L’inverno demografico deriva da un deficit di speranza, da una frustrazione nella capacità di sognare una società migliore, dove ogni persona abbia la propria dignità e e possa realizzarsi.
Per questo ogni bebè che viene al mondo è vangelo, notizia sorprendente, prospettiva di futuro. E’ anche affermazione che non esiste solo l’io.

Ogni uomo è unico. Singolare ma è anche famiglia, parentela, società. Nasce un bimbo e insieme nasce una mamma un papà, dei nonni, degli zii, dei cugini. Ecco perché la responsabilità di un figlio è condivisa da tutti, da Dio Padre per primo che ci affida la nuova vita come un dono. Non basta mettere al mondo una creatura ma di essa dobbiamo prenderci cura assieme, accompagnarla nella crescita in famiglie dove ci si prende cura gli uni degli altri.

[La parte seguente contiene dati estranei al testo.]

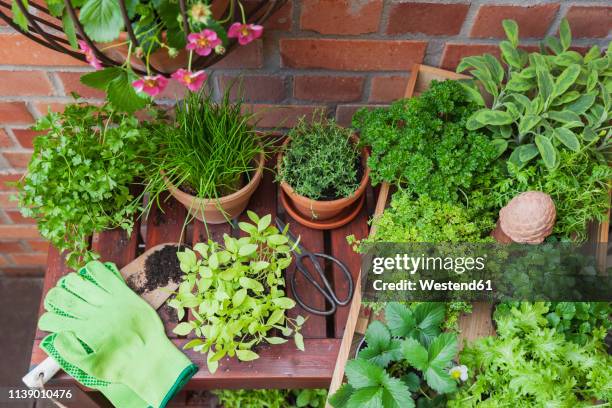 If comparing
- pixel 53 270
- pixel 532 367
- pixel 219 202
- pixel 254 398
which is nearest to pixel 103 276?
pixel 53 270

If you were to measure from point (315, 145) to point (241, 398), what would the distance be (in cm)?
82

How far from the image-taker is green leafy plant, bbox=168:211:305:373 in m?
1.07

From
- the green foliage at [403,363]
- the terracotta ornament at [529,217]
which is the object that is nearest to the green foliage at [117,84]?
the green foliage at [403,363]

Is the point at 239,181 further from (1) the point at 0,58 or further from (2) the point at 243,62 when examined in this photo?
(1) the point at 0,58

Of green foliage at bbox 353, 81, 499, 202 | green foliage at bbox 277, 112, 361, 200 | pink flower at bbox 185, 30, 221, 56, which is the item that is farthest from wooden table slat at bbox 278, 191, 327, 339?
pink flower at bbox 185, 30, 221, 56

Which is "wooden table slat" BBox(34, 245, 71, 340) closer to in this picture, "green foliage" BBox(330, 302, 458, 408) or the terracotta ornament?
"green foliage" BBox(330, 302, 458, 408)

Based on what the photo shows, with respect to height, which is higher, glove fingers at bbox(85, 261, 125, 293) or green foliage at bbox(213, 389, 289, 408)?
glove fingers at bbox(85, 261, 125, 293)

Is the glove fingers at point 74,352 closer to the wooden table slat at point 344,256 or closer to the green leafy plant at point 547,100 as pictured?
the wooden table slat at point 344,256

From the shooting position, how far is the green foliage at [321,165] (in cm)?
117

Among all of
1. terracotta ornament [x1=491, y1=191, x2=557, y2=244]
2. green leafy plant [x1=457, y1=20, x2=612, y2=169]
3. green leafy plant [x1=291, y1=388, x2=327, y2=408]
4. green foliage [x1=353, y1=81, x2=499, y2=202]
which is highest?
green leafy plant [x1=457, y1=20, x2=612, y2=169]

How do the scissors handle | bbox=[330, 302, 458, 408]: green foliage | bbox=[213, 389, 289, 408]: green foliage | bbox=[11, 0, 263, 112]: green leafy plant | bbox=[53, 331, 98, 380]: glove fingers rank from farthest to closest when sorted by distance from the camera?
1. bbox=[213, 389, 289, 408]: green foliage
2. the scissors handle
3. bbox=[53, 331, 98, 380]: glove fingers
4. bbox=[330, 302, 458, 408]: green foliage
5. bbox=[11, 0, 263, 112]: green leafy plant

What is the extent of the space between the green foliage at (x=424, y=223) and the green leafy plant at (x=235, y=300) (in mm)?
218

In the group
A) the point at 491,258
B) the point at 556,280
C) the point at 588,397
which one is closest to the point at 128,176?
the point at 491,258

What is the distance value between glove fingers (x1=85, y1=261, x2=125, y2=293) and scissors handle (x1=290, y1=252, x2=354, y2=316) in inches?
15.4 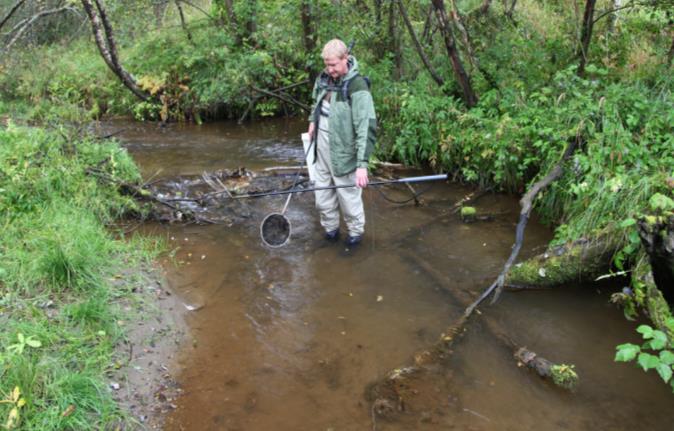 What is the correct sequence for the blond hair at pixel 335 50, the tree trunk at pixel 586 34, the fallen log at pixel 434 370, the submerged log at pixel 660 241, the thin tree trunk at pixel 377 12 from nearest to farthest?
1. the submerged log at pixel 660 241
2. the fallen log at pixel 434 370
3. the blond hair at pixel 335 50
4. the tree trunk at pixel 586 34
5. the thin tree trunk at pixel 377 12

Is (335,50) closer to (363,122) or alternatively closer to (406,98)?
(363,122)

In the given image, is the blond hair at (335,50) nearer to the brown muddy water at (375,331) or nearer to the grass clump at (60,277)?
the brown muddy water at (375,331)

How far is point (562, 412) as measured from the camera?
11.9 feet

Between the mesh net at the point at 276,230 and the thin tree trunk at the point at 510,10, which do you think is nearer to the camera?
the mesh net at the point at 276,230

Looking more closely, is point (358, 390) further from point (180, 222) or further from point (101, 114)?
point (101, 114)

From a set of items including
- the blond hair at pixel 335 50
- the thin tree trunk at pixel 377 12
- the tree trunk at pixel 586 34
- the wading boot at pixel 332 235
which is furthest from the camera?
the thin tree trunk at pixel 377 12

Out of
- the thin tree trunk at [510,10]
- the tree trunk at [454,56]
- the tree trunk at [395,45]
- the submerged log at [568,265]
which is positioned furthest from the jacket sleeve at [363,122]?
the thin tree trunk at [510,10]

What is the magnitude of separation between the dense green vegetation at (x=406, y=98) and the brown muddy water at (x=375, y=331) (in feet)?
1.82

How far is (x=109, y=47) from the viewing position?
11453mm

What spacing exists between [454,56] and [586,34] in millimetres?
1756

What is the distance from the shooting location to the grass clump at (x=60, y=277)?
3242mm

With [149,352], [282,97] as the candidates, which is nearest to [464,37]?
[282,97]

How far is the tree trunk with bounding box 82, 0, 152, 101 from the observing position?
10391mm

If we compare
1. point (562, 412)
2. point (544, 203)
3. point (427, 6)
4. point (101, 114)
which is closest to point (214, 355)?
point (562, 412) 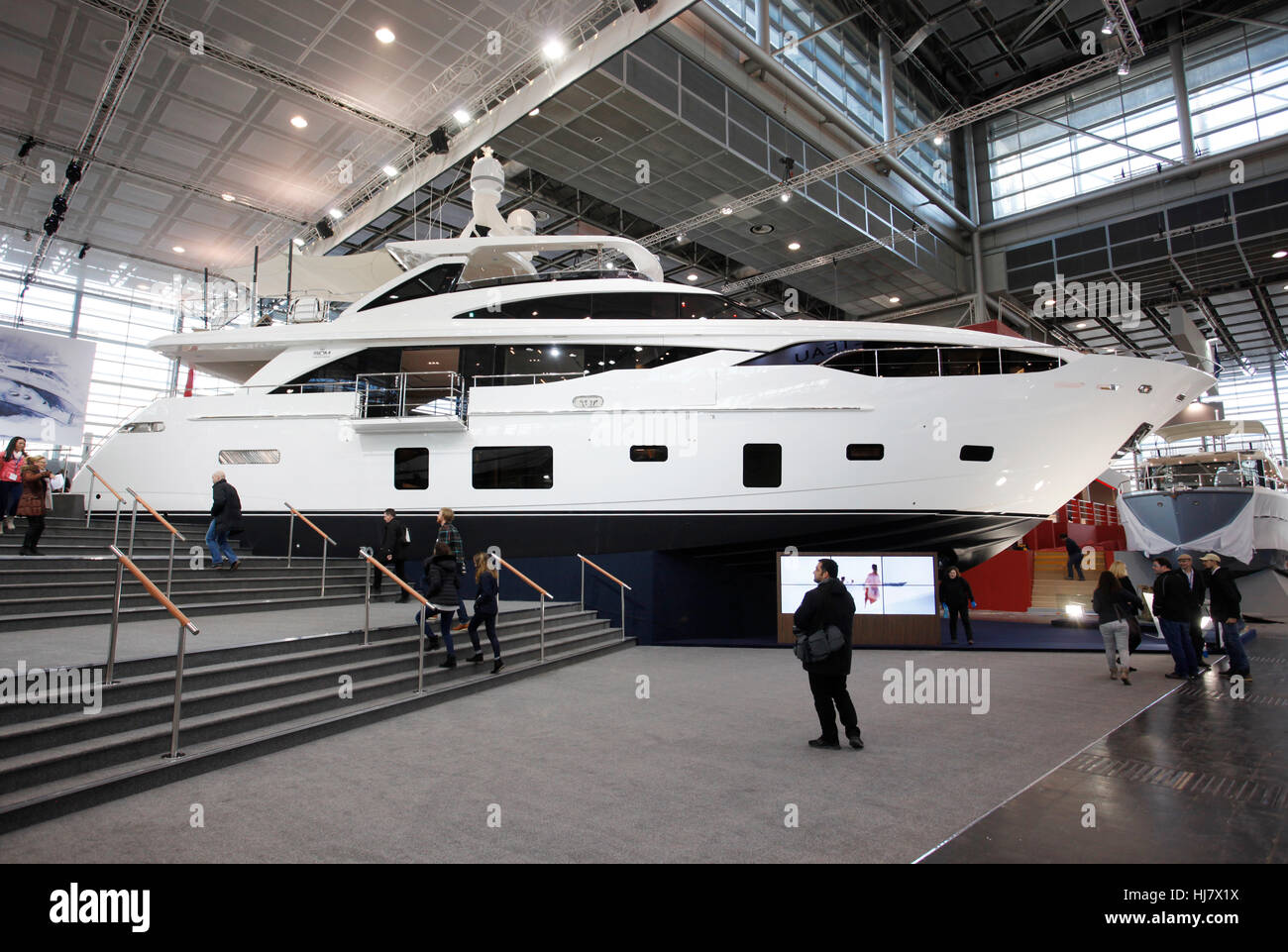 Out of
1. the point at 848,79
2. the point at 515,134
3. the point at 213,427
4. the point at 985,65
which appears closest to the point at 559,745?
the point at 213,427

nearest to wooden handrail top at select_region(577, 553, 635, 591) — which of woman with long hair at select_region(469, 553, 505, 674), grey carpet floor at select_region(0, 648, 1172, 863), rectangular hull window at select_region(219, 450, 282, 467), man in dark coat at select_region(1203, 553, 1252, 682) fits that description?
woman with long hair at select_region(469, 553, 505, 674)

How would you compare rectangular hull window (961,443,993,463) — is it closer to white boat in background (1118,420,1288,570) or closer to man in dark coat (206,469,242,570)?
white boat in background (1118,420,1288,570)

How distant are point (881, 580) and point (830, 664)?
5781 millimetres

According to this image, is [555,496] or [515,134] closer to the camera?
[555,496]

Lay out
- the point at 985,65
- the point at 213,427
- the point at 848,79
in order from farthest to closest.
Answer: the point at 985,65 < the point at 848,79 < the point at 213,427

 E’ proprio l’ultimo arrivato che ci porta a diventare più famiglia, a curare i rapporti di parentela, a sentirci parte della comunità cristiana che lo accoglie nel Battesimo e di quella civile in cui il neonato crescerà in vari contesti: scuola, lavoro. Cittadinanza come soggetto con diritti inalienabili e doveri sociali.